### [PROVIDED DATA]
== == ==
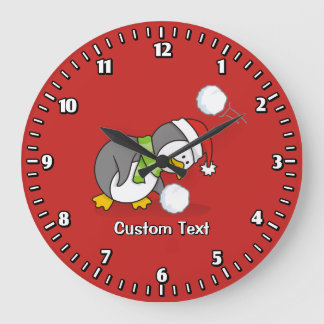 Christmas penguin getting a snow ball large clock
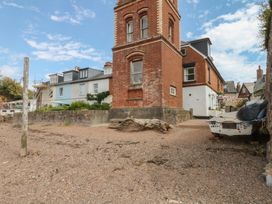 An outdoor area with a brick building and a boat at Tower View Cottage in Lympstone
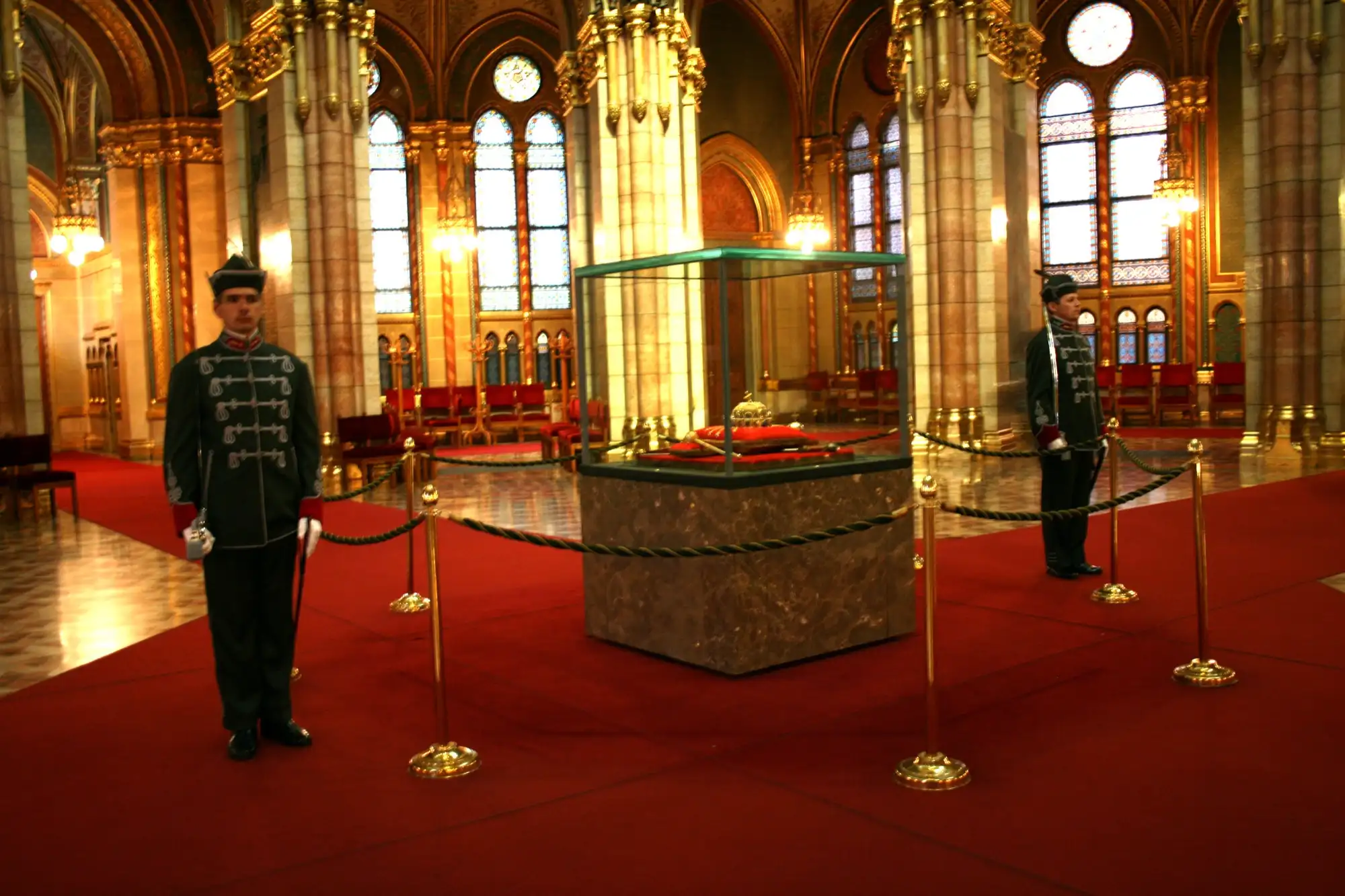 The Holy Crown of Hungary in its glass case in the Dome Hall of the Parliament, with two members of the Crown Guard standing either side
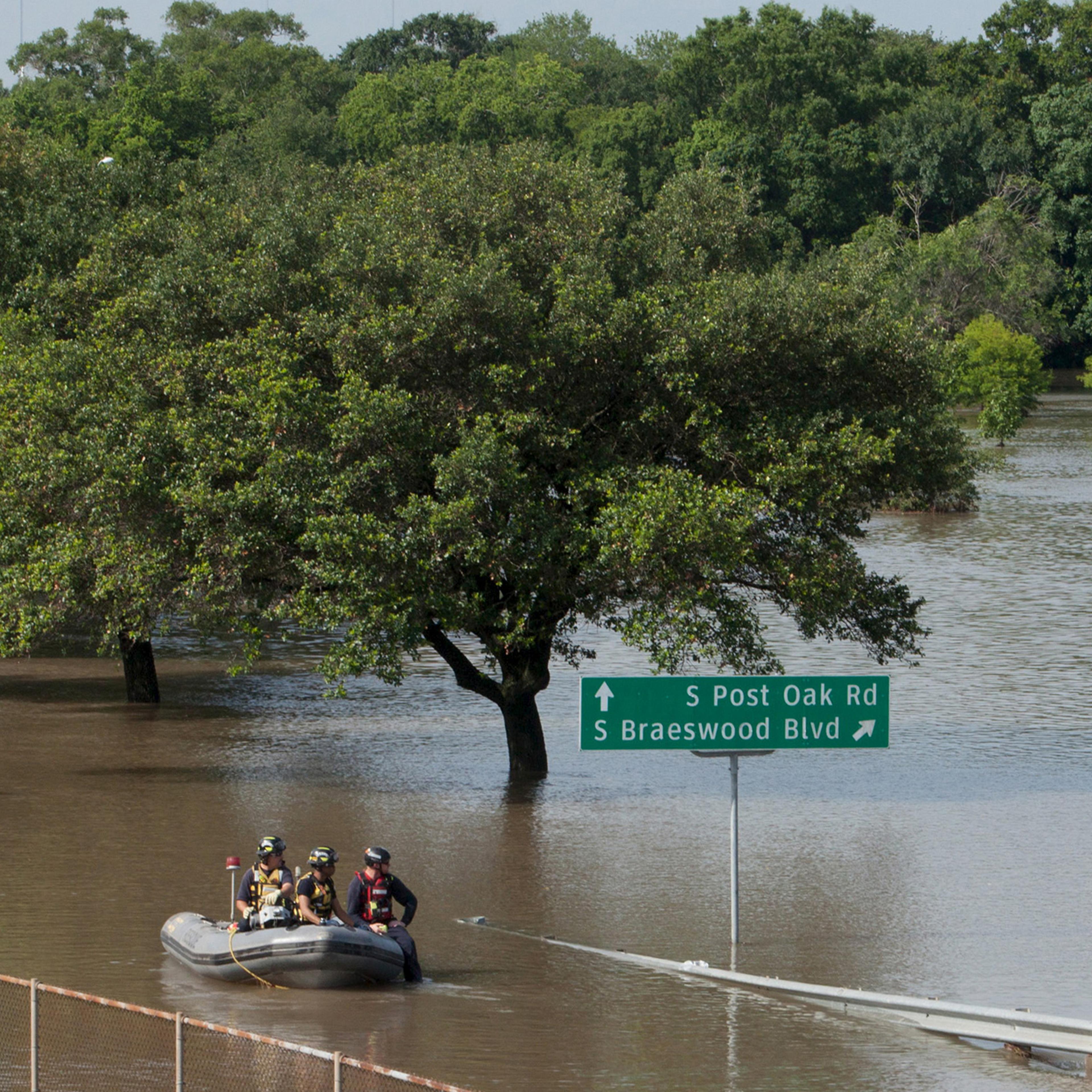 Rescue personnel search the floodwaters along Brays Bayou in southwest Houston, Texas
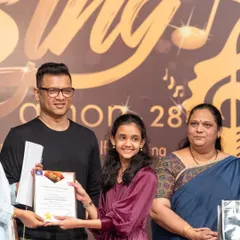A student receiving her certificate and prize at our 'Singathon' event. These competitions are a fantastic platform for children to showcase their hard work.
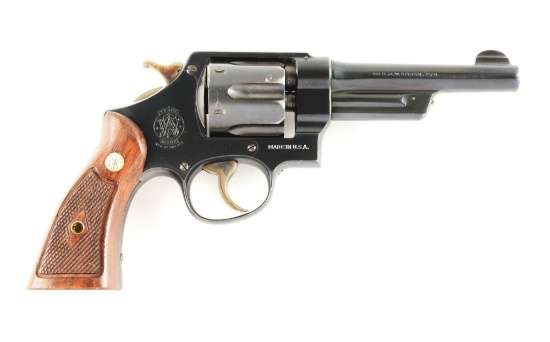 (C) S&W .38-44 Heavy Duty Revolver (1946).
== == ==
### [DIRECTIONS FOR THIS TASK]
Retype the data above exactly, dropping every picture.

### [TASK OUTPUT]
 Christmas penguin getting a snow ball large clock
 An outdoor area with a brick building and a boat at Tower View Cottage in Lympstone
 The Holy Crown of Hungary in its glass case in the Dome Hall of the Parliament, with two members of the Crown Guard standing either side
 Rescue personnel search the floodwaters along Brays Bayou in southwest Houston, Texas
A student receiving her certificate and prize at our 'Singathon' event. These competitions are a fantastic platform for children to showcase their hard work.
 (C) S&W .38-44 Heavy Duty Revolver (1946).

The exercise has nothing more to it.